> **EXERCISE OBJECTIVE**: Everything in the data gets repeated exactly, except for the pictures.

> **SOURCE MATERIAL**:
# # # # # # #
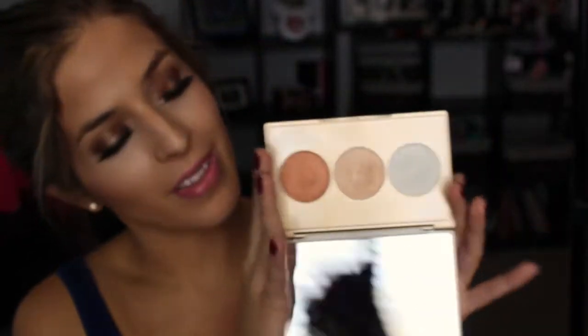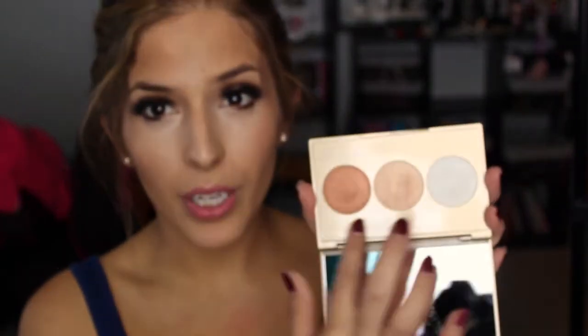I also really prefer the size of the pans in this palette. The pans in the original were so tiny — that was one of my biggest gripes with it. Look at the difference: it's almost two times the size. I would rather have bigger pans with a bit less product, and they kind of came through on that here. This palette features three highlighters: Champagne Pop, Pearl, and Blushed Copper. They're all really beautiful shades.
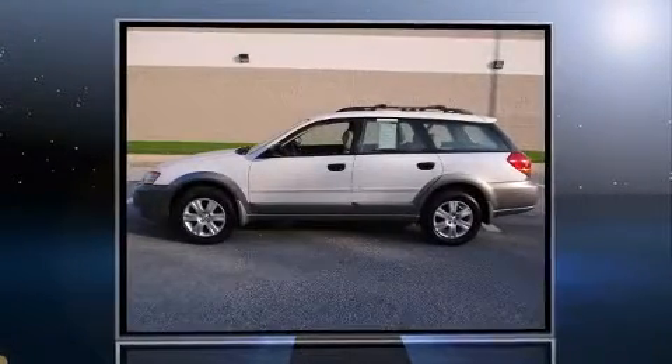Take command of the road in the 2005 Subaru Outback. This four-door, five-passenger wagon provides exceptional value.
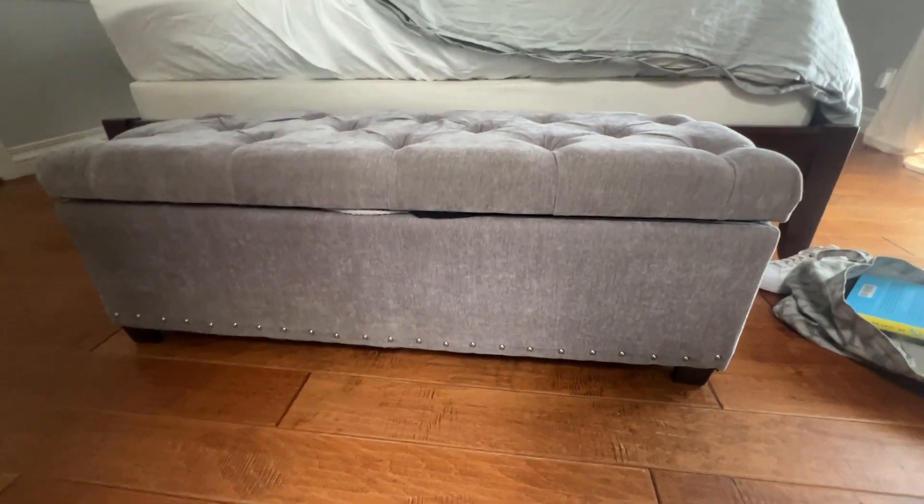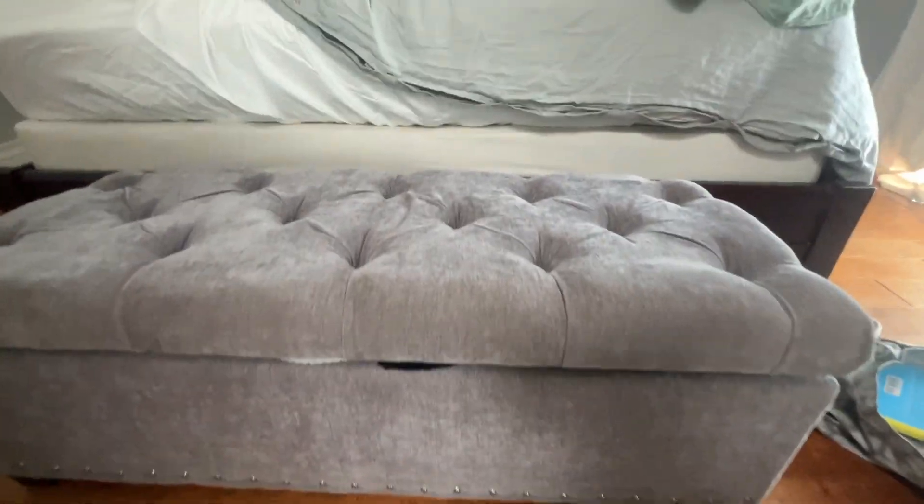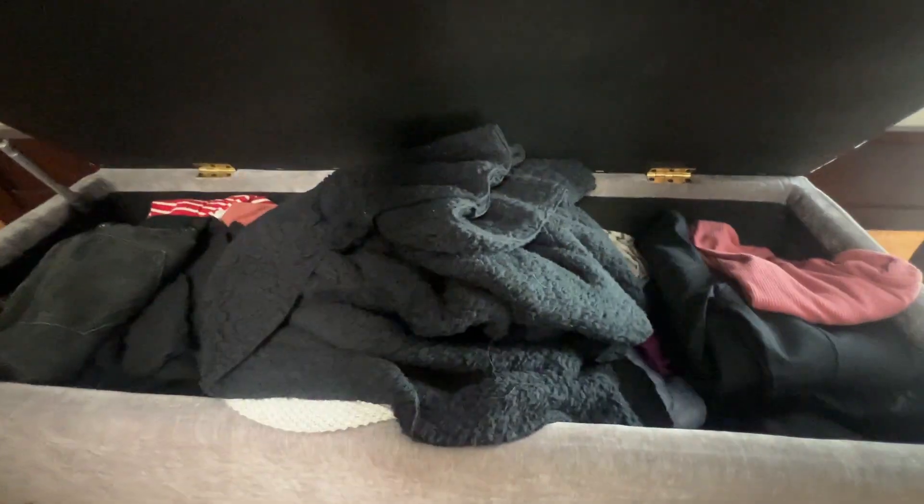Hey, what's up everyone? It's Jimbo. Today we're looking at this end of the bed ottoman — at least that's where I have it, at the end of the bed. Nice tufted top, nice fabric material, and the best part is that it's actually for storage.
# # # # # # #
> **WRITTEN ANSWER**:
I also really prefer the size of the pans in this palette. The pans in the original were so tiny — that was one of my biggest gripes with it. Look at the difference: it's almost two times the size. I would rather have bigger pans with a bit less product, and they kind of came through on that here. This palette features three highlighters: Champagne Pop, Pearl, and Blushed Copper. They're all really beautiful shades.
Take command of the road in the 2005 Subaru Outback. This four-door, five-passenger wagon provides exceptional value.
Hey, what's up everyone? It's Jimbo. Today we're looking at this end of the bed ottoman — at least that's where I have it, at the end of the bed. Nice tufted top, nice fabric material, and the best part is that it's actually for storage.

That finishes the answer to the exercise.